Summer Sun (4)

Welcome back to the Summer Sun series — brief, spiritual passages for a relaxed summer agenda.  I hope you’re enjoying this approach to staying connected with each other.  You can always find all posts in this series by going to Categories (on the sidebar) and clicking on Summer Sun Series.  This post is Number 4, and I would like to share some highlights from a 4-day spiritual retreat I recently watched via live stream from the Omega Institute — its 195-acre campus in Rhinebeck, New York.

Omega, since 1977, has been dedicated to “awakening the best in the human spirit” via creativity workshops, yoga retreats, conferences, educational programs on meditation, spiritual retreats, and so on.  When I learned that Eckhart Tolle would be holding a spiritual retreat there in June, I immediately wanted to tune in.

Tolle’s retreat consisted of six sessions, several that included Q & A sessions.  And even though I was watching on my computer screen, it was a wonderful experience.  He has a keen sense of humor and is quite animated before a live audience.  At the end of most sessions, Tolle offered a period of silence.  And the good thing about live stream is that each session can be watched again via video or downloaded for future reference.

  • Empathy

Tolle talked about the importance of empathy and how it is connected to our ability to be spiritually present.  When empathy is lacking, people become less real, and relationships are based on heavily subjective mental images we have created for each other.  He pointed out how this dynamic feeds dysfunctional societies and prevents authentic connections based on “being.”  The goal is to see the inherent spirituality of others and to offer compassion and empathy instead of quick judgment based on a purely mind-based reality.

When you don’t cover up the world with words and labels, a sense of the miraculous returns to your
life that was lost a long time ago when humanity, instead of using thought, became possessed by thought. 
~Eckhart Tolle

I would add to this the importance of consistency.  As a society, we often laugh at questionable behavior — movies, comedy shows, daily life.  Humor is good, yes, but it can also be used to sidestep the reality of situations that are less than humane or kind.

  • Have you witnessed this dynamic on television or otherwise?  How did it make you feel?

It seems that children and youth, in particular, could be misled by this kind of inconsistency.  They hear adults laughing about an unfortunate situation, perhaps, and yet, they are told not to behave in that fashion.  What can result?

Confusion.  Mixed messages.  Experimental or destructive behavior.

  • What do you think?

Being spiritual has nothing to do with what you believe and everything to do with your state of consciousness.  ~ Eckhart Tolle

But getting back to the Omega retreat …

Eckhart covered a good deal of material from his books, especially, The Power of Now — A Guide to Spiritual Enlightenment and A New Earth — Awakening to Your Life’s Purpose.

I enjoyed reading both of these books.

But you will probably want to read them more than once.  Each sentence connects to the overall message in a way I’ve rarely witnessed.  In fact, each idea builds on the next almost poetically.  After reading his books, I wanted to know more about the man behind the powerful message.

If you get a chance, look for his biography or watch an interview with him.  Tolle’s life has been anything but traditional.  Something in him always seemed to want to find the deeper story behind humanity’s journey.

As I understand it, in his late 20’s he suffered greatly from serious depression, felt on the verge of suicide, when an “awakening” transformed his life.

The primary cause of unhappiness is never the situation but thoughts about it.  Be aware of the thoughts you are thinking.  Separate them from the situation, which is always neutral.

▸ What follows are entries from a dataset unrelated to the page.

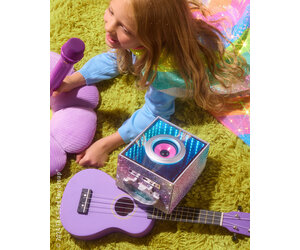 Infinity Speaker Karaoke Set Purple - Mudpuddles Toys and Books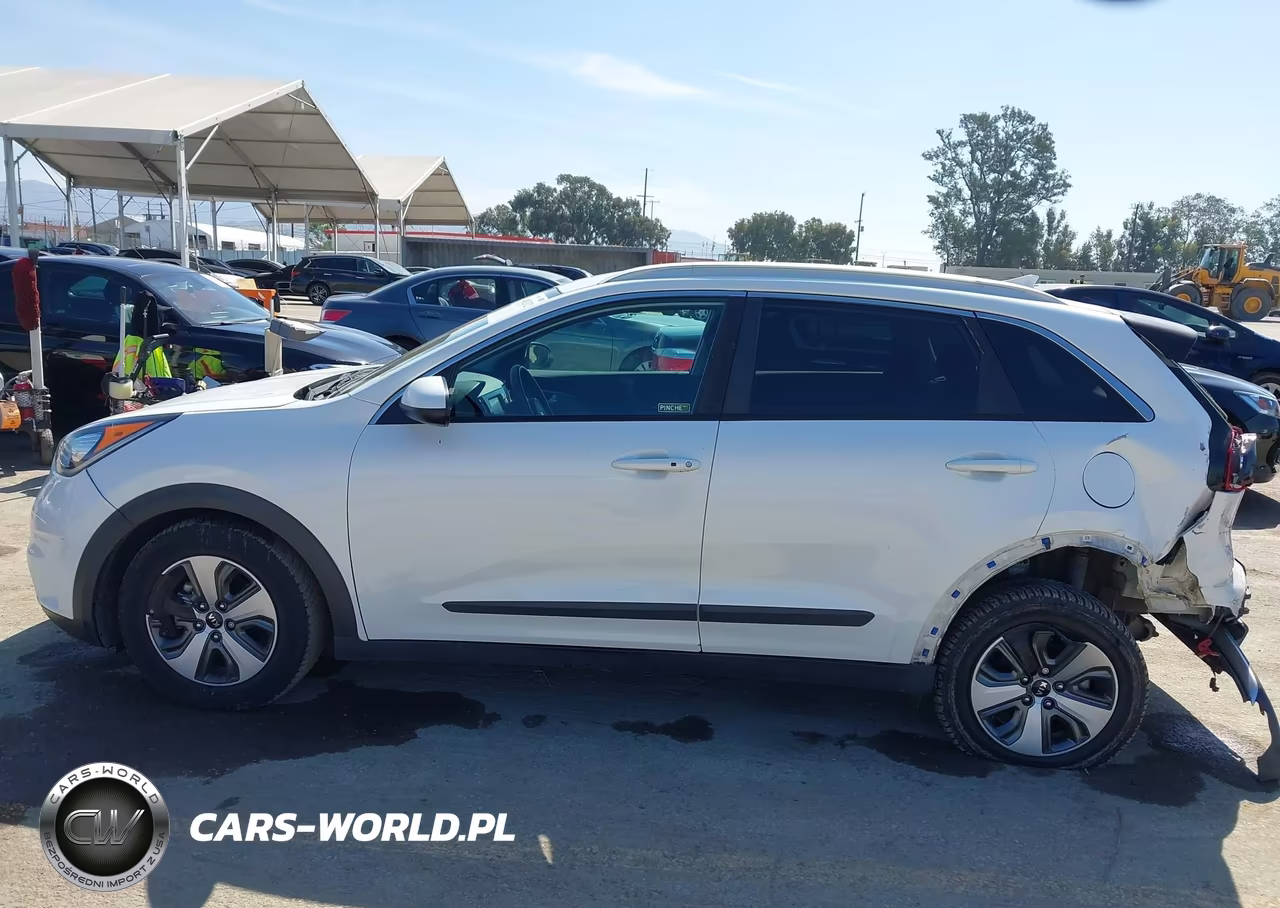 2019 Kia Niro Lx VIN:KNDCB3LC1K5353061 - 13
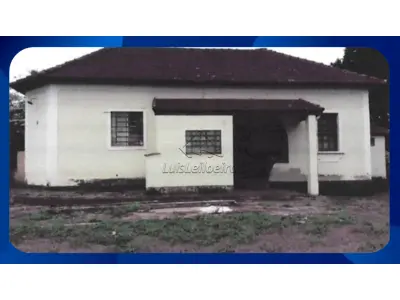 LOTE 000 - CASA - Área de terreno de 3.172,50m², Rua Dr. Francisco Abreu Sodré, nº 337, Santa Cruz do Rio Pardo/SP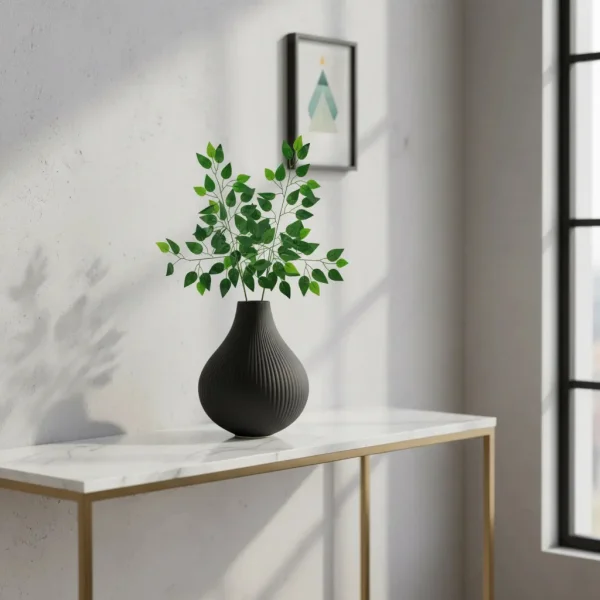 Ramo Artificial Planta Decorativa Pack X12u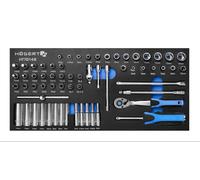 Hogert Technik HT7G148 Jeu de clé à douille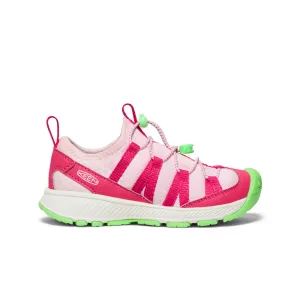 Keen Little Kids' Motozoa Sneaker  |  Raspberry/Summer Green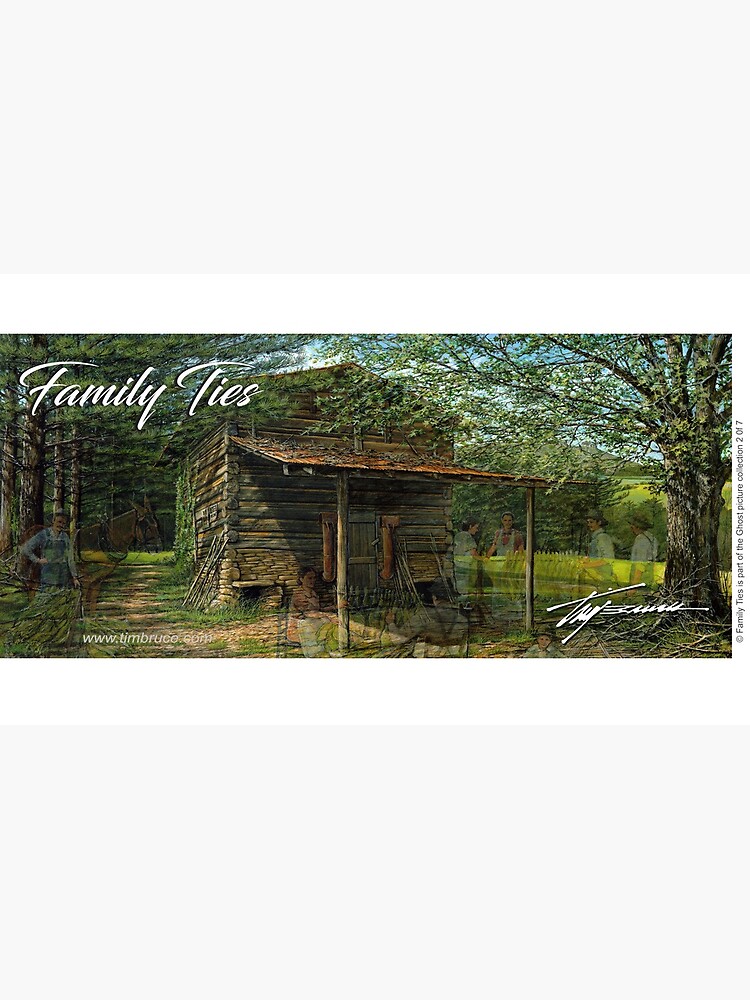 Family Ties Mug by DKEriksenArt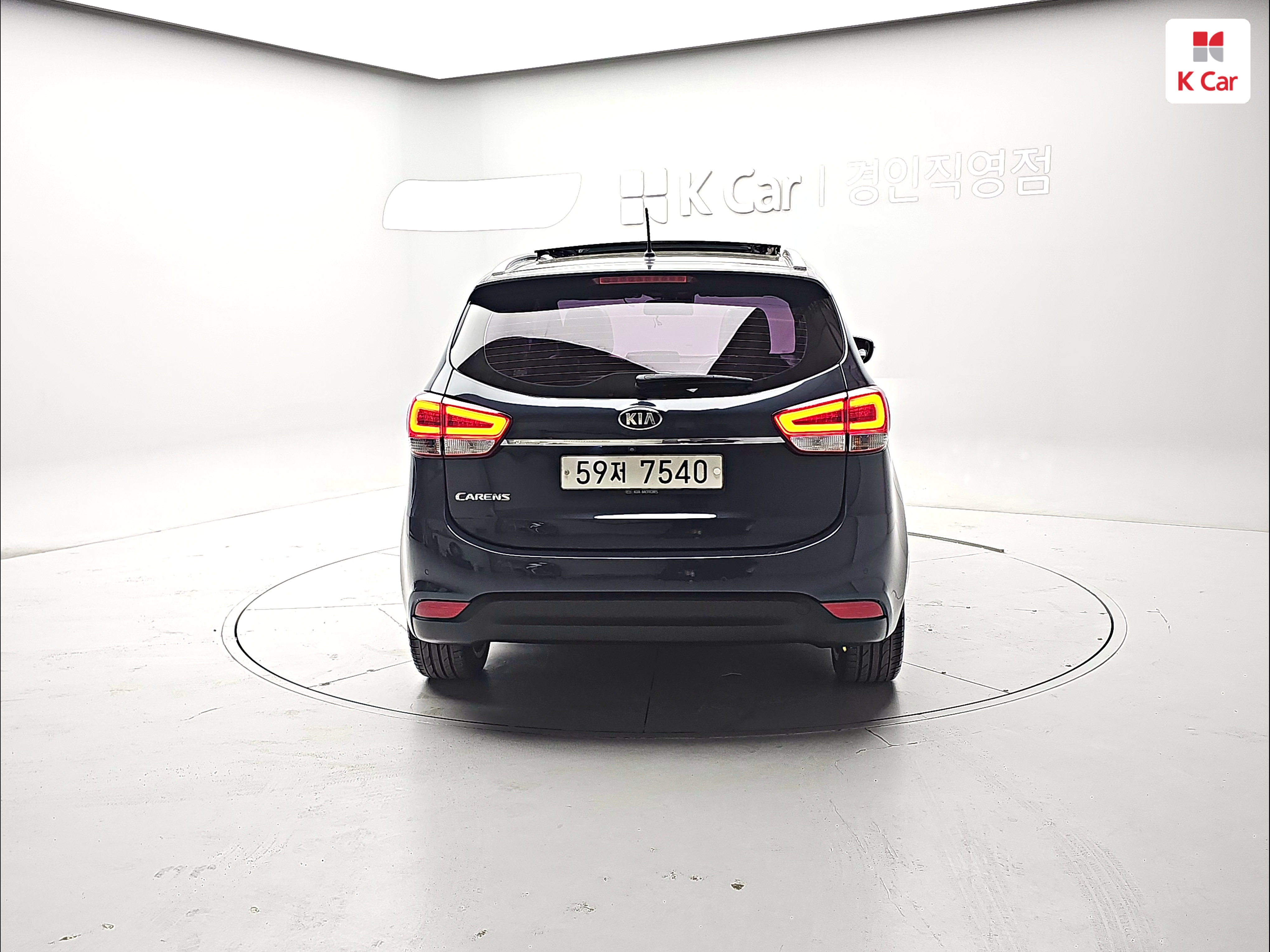 KIA All New Carens 1.7 VGT Diesel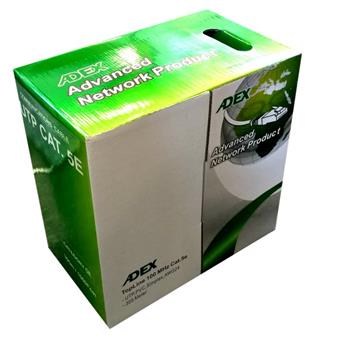 ADEX kabel UTP cat. 5e 305M PVC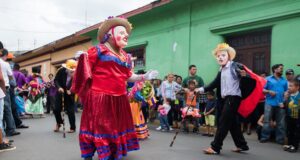 New Residency Process Folk Dancing Nicaragua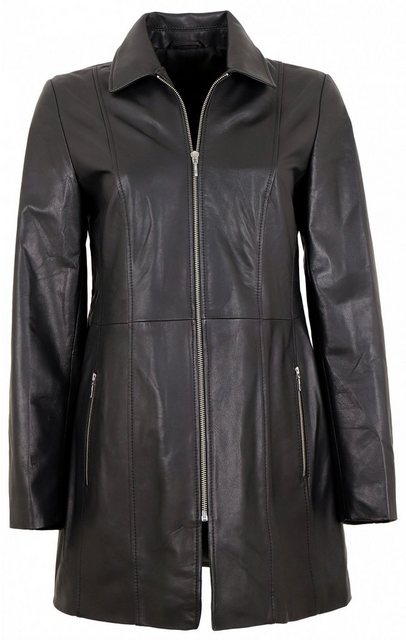 Maddox Lederjacke Uliane MADDOX - Damen Ledermantel Longjacke Lammnappa sch günstig online kaufen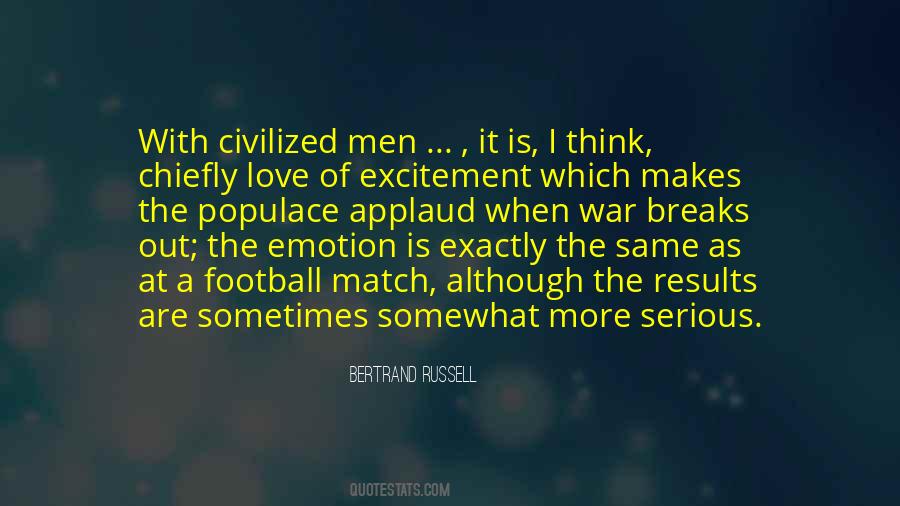 Love Excitement Quotes #1478712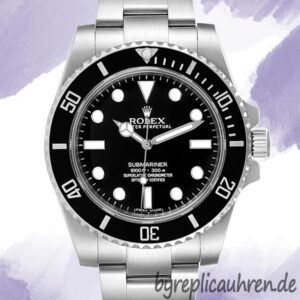 Rolex Submariner 114060-97200 40mm Herren Schwarzes Zifferblatt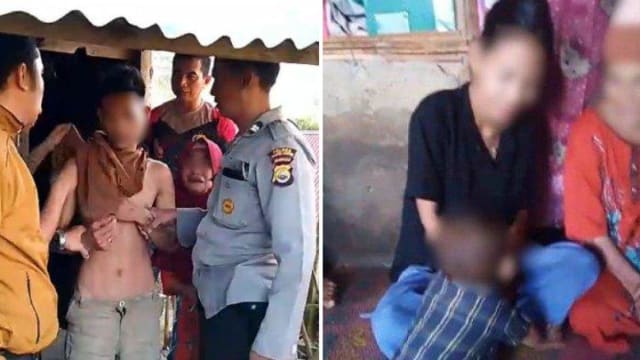 与哥哥同房睡多次遭奸污 印尼少女怀孕三次还产子
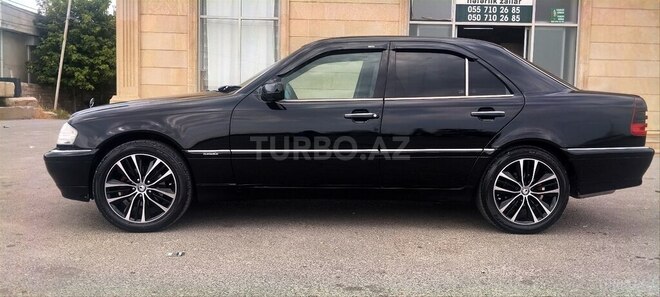 Mercedes C 230 1997, 212,000 km - 2.3 л - Bakı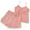 Pink, variant on Pajamas for Women 2 Piece Lounge Sets Cami Top and Shorts Pj Set Two Piece Pajama Set Sleepwear Sleep Set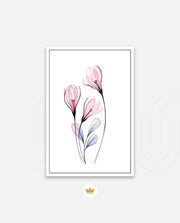 Soft Blush Stems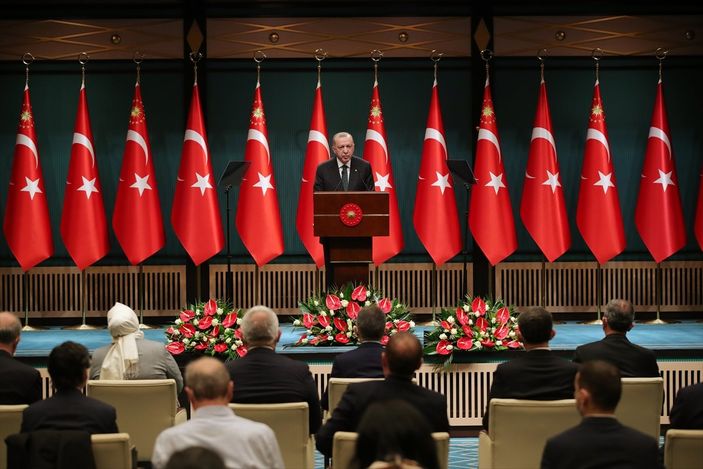 Kabine toplantısında ana gündem koronavirüs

It is as it is.  ~Eckhart Tolle

During the retreat, Tolle seemed very moved at times, as though tears were near the surface.  He obviously feels deeply about his beliefs and I, for one, find him to be an incredible gift to the world.  There is something genuine about him that is almost impossible to overlook, and even if you are not tuned into “spiritual thought and inquiry,” his books might give you pause.  After all, who can afford to overlook their own spirituality as unnecessary or impossible?

I’ve met people over the years who actually seem closed to spiritual discussion.  Content to believe whatever they believe, it’s as if they have closed the door on personal growth and exploration.  But why?  I’ve never been able to answer that question.